*Input records*:

╔══

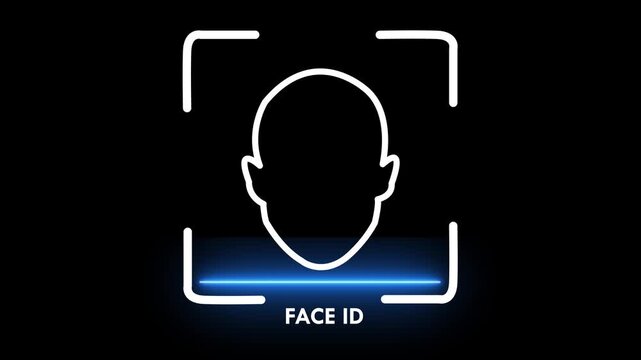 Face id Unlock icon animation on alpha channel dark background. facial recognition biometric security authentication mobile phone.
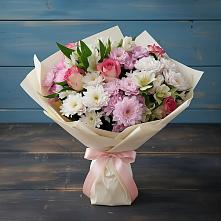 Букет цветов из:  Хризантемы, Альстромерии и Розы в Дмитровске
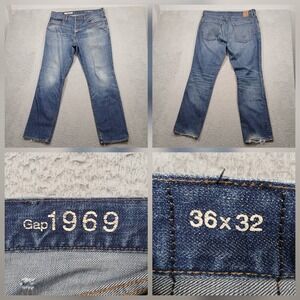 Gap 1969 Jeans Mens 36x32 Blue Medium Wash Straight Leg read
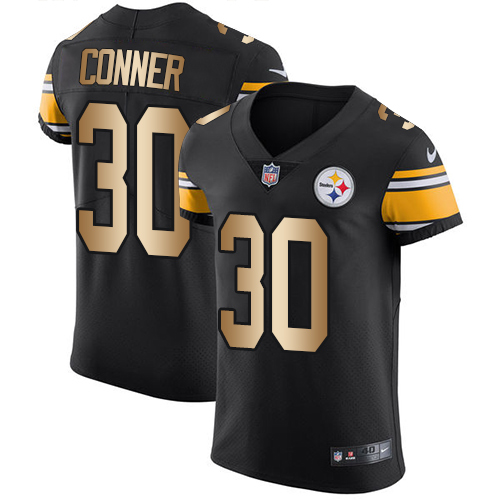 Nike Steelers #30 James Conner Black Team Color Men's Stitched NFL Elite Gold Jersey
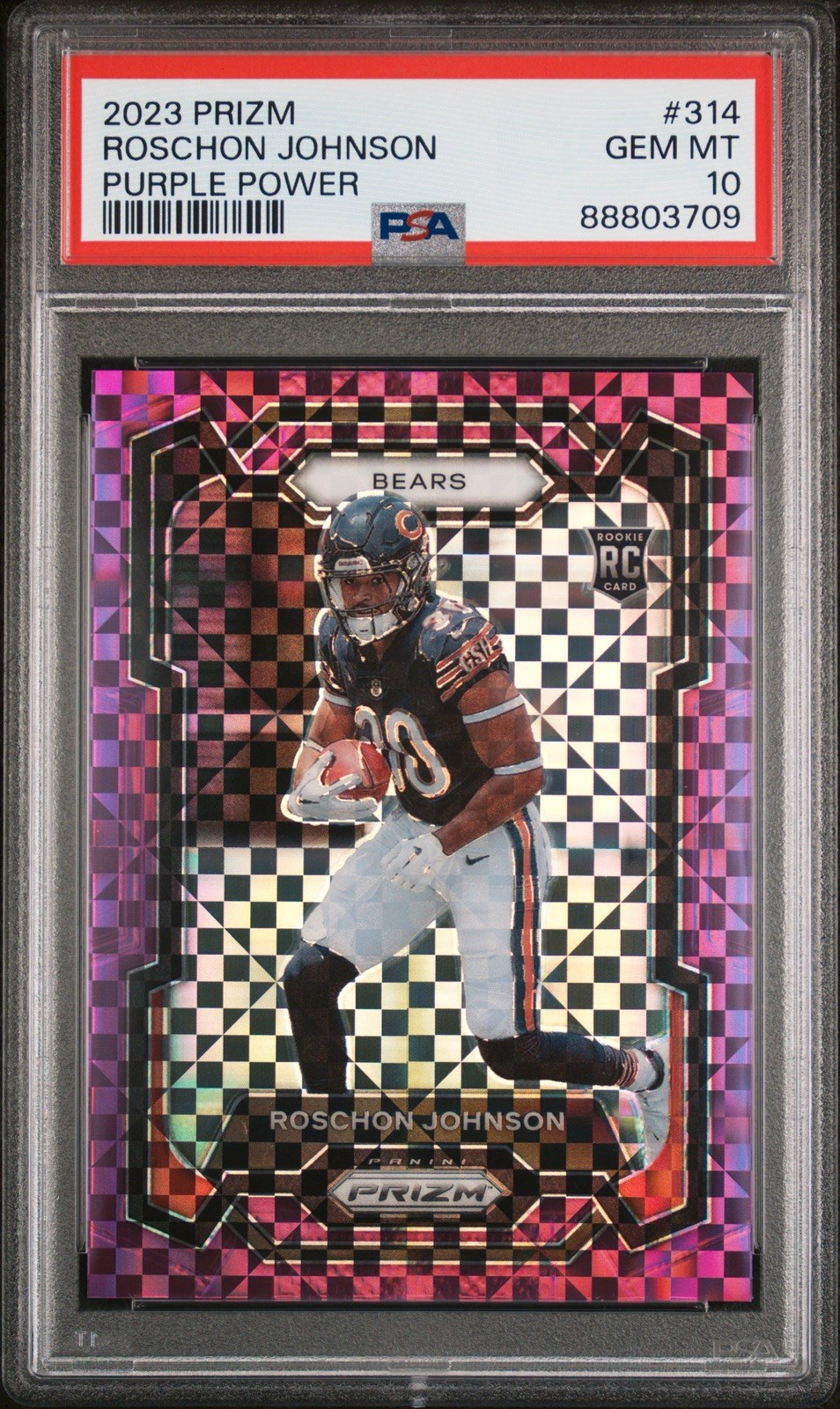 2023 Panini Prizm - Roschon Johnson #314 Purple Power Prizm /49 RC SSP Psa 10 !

╚══
╔══

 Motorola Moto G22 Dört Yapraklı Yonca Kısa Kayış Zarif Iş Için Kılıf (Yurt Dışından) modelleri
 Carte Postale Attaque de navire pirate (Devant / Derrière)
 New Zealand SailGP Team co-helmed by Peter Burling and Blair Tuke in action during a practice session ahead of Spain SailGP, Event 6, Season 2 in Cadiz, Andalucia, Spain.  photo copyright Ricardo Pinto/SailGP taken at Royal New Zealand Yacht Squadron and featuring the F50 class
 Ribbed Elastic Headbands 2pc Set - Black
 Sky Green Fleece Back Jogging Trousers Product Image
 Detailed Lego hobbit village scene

╚══
╔══

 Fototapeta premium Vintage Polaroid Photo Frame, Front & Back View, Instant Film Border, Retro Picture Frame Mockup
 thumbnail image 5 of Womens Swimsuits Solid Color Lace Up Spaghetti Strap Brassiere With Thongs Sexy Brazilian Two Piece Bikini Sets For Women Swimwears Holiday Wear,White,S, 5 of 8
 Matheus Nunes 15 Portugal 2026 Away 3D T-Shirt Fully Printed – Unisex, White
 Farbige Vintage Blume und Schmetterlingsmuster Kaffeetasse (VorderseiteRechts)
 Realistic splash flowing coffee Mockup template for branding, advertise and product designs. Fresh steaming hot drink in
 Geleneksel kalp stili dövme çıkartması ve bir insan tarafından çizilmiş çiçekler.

╚══

*Task brief*: Each line containing the word "Mockup" must be pulled from the listing and copied.

*Response*:
 Fototapeta premium Vintage Polaroid Photo Frame, Front & Back View, Instant Film Border, Retro Picture Frame Mockup
 Realistic splash flowing coffee Mockup template for branding, advertise and product designs. Fresh steaming hot drink in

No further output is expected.